生徒の自己肯定感を育むためには、完成した楽曲のクオリティだけを評価してはいけません。
「前回よりも、ここのリズムがすごく正確になったね!」といったように、過去からの確実な変化を指摘して褒めることが大切です。

技術的に未熟な部分があっても、「このコード進行を思いついた発想が素晴らしい!」と、挑戦したプロセス自体を称賛しましょう。
自分の小さな努力がプロの講師に認められたという経験が、生徒にとって何よりのモチベーションとなります。

やる気を削がない「サンドイッチ話法」の極意

レッスンにおいて、生徒の誤りを正し、改善点を伝えることは避けられません。
しかし、ストレートな指摘は生徒の心を折る危険性があるため、プロの講師はサンドイッチ話法を活用してアドバイスを行います。

  1. 肯定で挟む(パン): まずは「このメロディ、すごくキャッチーで良いね!」と、具体的な良さを褒めます。
  2. 改善の提案(具材): 次に「例えばサビの最後の音を伸ばしてみると、より感動的になるかもね」と、解決策を優しく提示します。
  3. 期待で締める(パン): 最後に「この発想は素晴らしいから、どんどん作っていこう」と背中を押します。

この手順を踏むことで、生徒は指摘を「否定」ではなく「期待」として前向きに受け取ることができます。
具体的な改善策を導き出すための楽曲分析の手法については、こちらの記事が非常に役立ちます。

DTAM理念に基づく、心に寄り添う指導

講師としての役割は、PC上のDAW操作というデジタルな手順を教えるだけではありません。
JBG音楽院では、音楽理論や豊かな感性といったアナログな知見を統合する、DTAM(Desktop and Analog Music)の理念を指導の根幹に置いています。

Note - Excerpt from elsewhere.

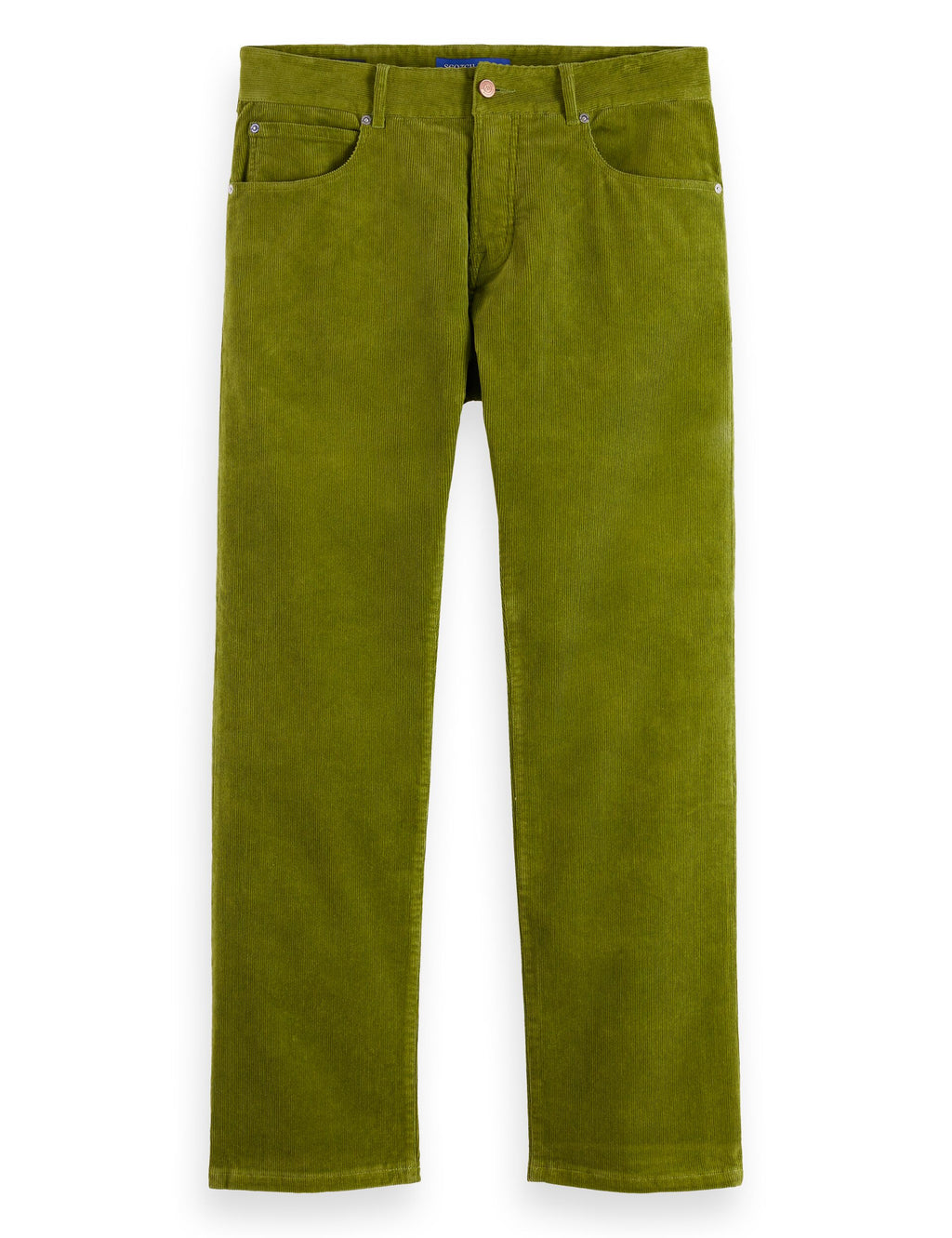 The Zee straight jeans in coloured corduroy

この理念のもと、私たちは生徒に一方的な評価を下すのではなく、「なぜこの音を選んだのか」という意図を深くヒアリングします。
CoreからMainへと続く段階的なカリキュラムの中で、プロ講師が生徒の個性を尊重しながら伴走することで、独学では決して得られない確かな成長と深い信頼関係が生まれます。

JBG音楽院のカリキュラムを見る

まとめ:言葉がクリエイターの才能を育てる

今回は、生徒のモチベーションを高めるための指導術と対話術について解説しました。

  • 心理的安全性: どんな質問も歓迎し、毎回のレッスンの目的を明確にする。
  • プロセスの称賛: 完成度ではなく、前回からの成長や発想の豊かさを褒める。
  • サンドイッチ話法: 肯定と期待で挟み込み、改善点を前向きな提案として伝える。

優れた音楽講師の言葉は、生徒が壁を乗り越えるための最も強力な武器となります。
心に寄り添う対話を通じて、生徒のなかに眠るクリエイターとしての才能を最大限に引き出していきましょう。